`trac.util.text` – Text manipulation¶

The Unicode toolbox¶

Trac internals are almost exclusively dealing with Unicode text, represented by unicode instances. The main advantage of using unicode over UTF-8 encoded str (as this used to be the case before version 0.10), is that text transformation functions in the present module will operate in a safe way on individual characters, and won’t risk to eventually cut a multi-byte sequence in the middle. Similar issues with Python string handling routines are avoided as well, like surprising results when splitting text in lines. For example, did you know that “Priorità” is encoded as 'Priorit\xc3\x0a' in UTF-8? Calling strip() on this value in some locales can cut away the trailing \x0a and it’s no longer valid UTF-8...

The drawback is that most of the outside world, while eventually “Unicode”, is definitely not unicode. This is why we need to convert back and forth between str and unicode at the boundaries of the system. And more often than not we even have to guess which encoding is used in the incoming str strings.
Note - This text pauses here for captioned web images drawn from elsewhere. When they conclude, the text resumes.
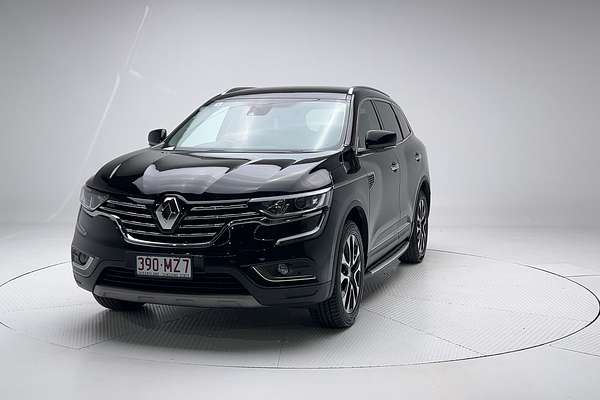 2019 Renault Koleos Formula Edition HZG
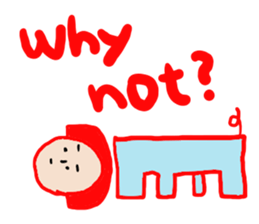 emday12 English sticker #3390320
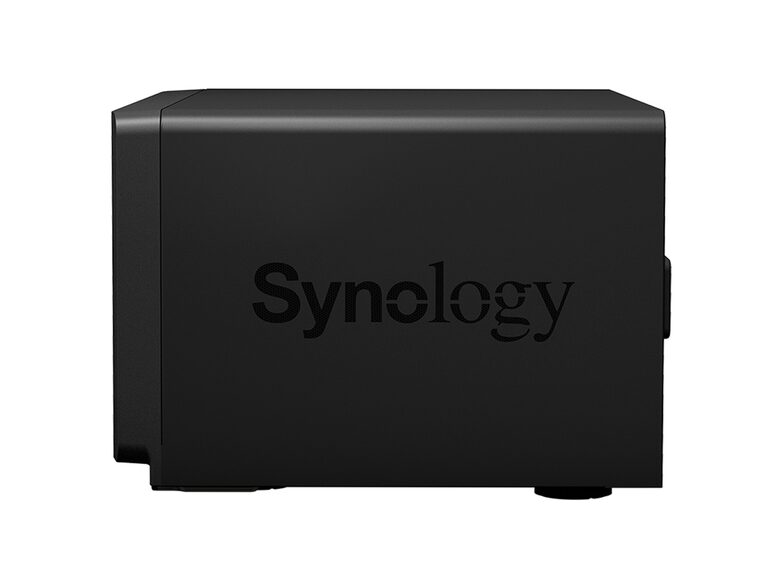 Synology DiskStation DS1821+, 8-Bay NAS-Server, für 6,4/8,9 cm Festplatten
Encoding unicode to str is usually directly performed by calling encode() on the unicode instance, while decoding is preferably left to the to_unicode helper function, which converts str to unicode in a robust and guaranteed successful way.

trac.util.text.to_unicode(text, charset=None)¶

Convert input to an unicode object.

For a str object, we’ll first try to decode the bytes using the given charset encoding (or UTF-8 if none is specified), then we fall back to the latin1 encoding which might be correct or not, but at least preserves the original byte sequence by mapping each byte to the corresponding unicode code point in the range U+0000 to U+00FF.

For anything else, a simple unicode() conversion is attempted, with special care taken with Exception objects.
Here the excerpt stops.